From spark's document, I know I can load from a libsvm-formatted
dataset from file.
However, I want to run codes in a remote spark cluster, so I hard coded the iris dataset into my code, and I want to directly load from this String object.
However, when looking into the DataFrameReader object, I find there is no API which supports direct loading dataset from String
.
I tried this way-
val irisData =
"""
|"sepal_length","sepal_width","petal_length","petal_width","label"
|5.1,3.5,1.4,0.2,Iris-setosa
|4.9,3.0,1.4,0.2,Iris-setosa
|4.7,3.2,1.3,0.2,Iris-setosa
|4.6,3.1,1.5,0.2,Iris-setosa
""".stripMargin
println(irisData)
"sepal_length","sepal_width","petal_length","petal_width","label"

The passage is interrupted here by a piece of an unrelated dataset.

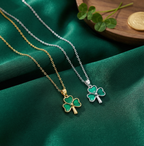 SLUYNZ 925 Sterling Silver Irish Shamrock Choker Necklace Chain for Women Teens Green Clover Pendant Necklace for St Patricks Day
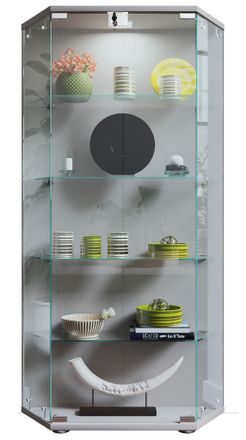 ebuy24 Ebuy24 - Vitrina De Vidrio Vcm De Pie Vitrina De Vidrio Con Vidrio De Seguridad Esg Dimensiones Aprox. Al. 114 X An. 83 X T. 17 Cm Soporte Vitrina Vid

5.1,3.5,1.4,0.2,Iris-setosa
4.9,3.0,1.4,0.2,Iris-setosa
4.7,3.2,1.3,0.2,Iris-setosa
4.6,3.1,1.5,0.2,Iris-setosa
val stringDS = spark.createDataset(irisData.split("\n"))(Encoders.STRING)
val irisDatasetDF = spark.read
.option("inferSchema", "true")
.option("header", "true")
.csv(stringDS)
irisDatasetDF.show(false)
+------------+-----------+------------+-----------+-----------+
|sepal_length|sepal_width|petal_length|petal_width|label |
+------------+-----------+------------+-----------+-----------+
|5.1 |3.5 |1.4 |0.2 |Iris-setosa|
|4.9 |3.0 |1.4 |0.2 |Iris-setosa|
|4.7 |3.2 |1.3 |0.2 |Iris-setosa|
|4.6 |3.1 |1.5 |0.2 |Iris-setosa|
+------------+-----------+------------+-----------+-----------+